Lost Souls

Published in The Guardian, Weds 17 Feb 1999

Rebecca Leathlean wanted a decent home for her ailing mother. Mrs Thatcher didn’t help

Just before Christmas last year I was told that my mother, aged 74 and mentally ill, was to be made homeless. The number of residents at the private care home where she lived had fallen from 19 to just five following dwindling referrals from social services. My mother and four other frail, confused residents aged between 74 and 98 were to find new accommodation by December 28.

During her 19 years in care, my mother was buffeted by the forces of social policy. In the early 1980s she was moved out of a large NHS asylum in Margaret Thatcher’s drive to privatise the care system. In the unregulated free-for-all that followed, my mother suffered shoddy care in a succession of substandard homes before the adequate one we finally found for her was taken over by a family which, it later transpired, had employed staff with criminal convictions for assault.

The next home – the first good one – was closed down just one year after Mum moved in: the council turned it into flats. Finally, we found James House, a beautiful old home on the edge of Dartmoor run by enlightened managers and caring staff. This wonderful place was her home for eight years, but then the whole sorry saga started again. This time the upheaval was due to the care-in-the-community policy, under which state funding for care is cash-limited and controlled by local authorities. There is no longer enough to fund private as well as state homes. Private managers are going bankrupt – unable even to sell their businesses as, in the current climate, nobody will buy them. Elderly people are being forced to move and many care staff are being made homeless and redundant.
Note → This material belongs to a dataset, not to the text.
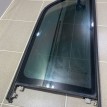 Форточка задняя левая Audi A3 1997 г Audi 200 оригинальный номер 43R00049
On December 23 I travelled from London to Devon to see the new home that had been chosen for my mother. Sadly, I noted the identical chairs lined up around the walls, the televisions playing loudly in communal rooms. On the positive side, I was glad to meet kind staff, and relieved the new place was clean, apparently efficient and less than a mile from the old one. Then I paid a last visit to James House. The big old building was almost deserted. Five residents wandered like lost souls through empty rooms. I watched my mother curled up on her favourite sofa; a carer who had been with her throughout her years there gently stroked her hair as she passed. Later, Mum walked around a little, touching a chair, a picture, a shelf. “She always touches the same things,” said the carer. It pained me to think how Mum would feel in a strange house, with no familiar people or objects.

After she arrived, I was assured, by both phone and two letters, that she was absolutely fine, (“settling in very well please don’t worry”). Relieved, I postponed my first visit and took a planned week’s holiday and returned on January 26. When I phoned to see how Mum was, and to arrange a visit for the weekend, I was told she was dangerously ill. I went down the next morning – and arrived two hours after she died. Like many others this winter, Mum fell victim to a chest infection. The official cause of death was broncho-pneumonia. The next day, the doctor told me she’d had a minor flu attack early in January. Nobody seemed very surprised that Mum wasn’t the only one of the homeless five to have died – another old woman from James House died just before her. Both had survived less than a month after the move.

My mother was buried last week in a tiny churchyard on the edge of the moor she had loved so much as a young woman. Her body was laid to rest close to her parents’ grave, which is blooming with spring flowers Mum herself planted nearly 40 years ago. The funeral was one of celebration, of a woman of great depth, intelligence, creativity and affection; a loving, joyful spirit, free again.

 

The royal commission on long-term care reports early next month, with a list of recommendations for the welfare of the elderly in care. To these I would add this plea: stop throwing old people out of their residential homes at a time of life when they are at their weakest and most vulnerable.

The people of James House and all the other homes being closed to save money may seem “no more” than old, mentally-ill bodies of little consequence; but each in their time was a vibrant, vital individual – they still have feelings and they still matter. Many have suffered hugely. Surely they deserve to end their days in peace and security – regardless of the cost.

•The Relatives & Residents Association provides advice to families with relatives in long-term care.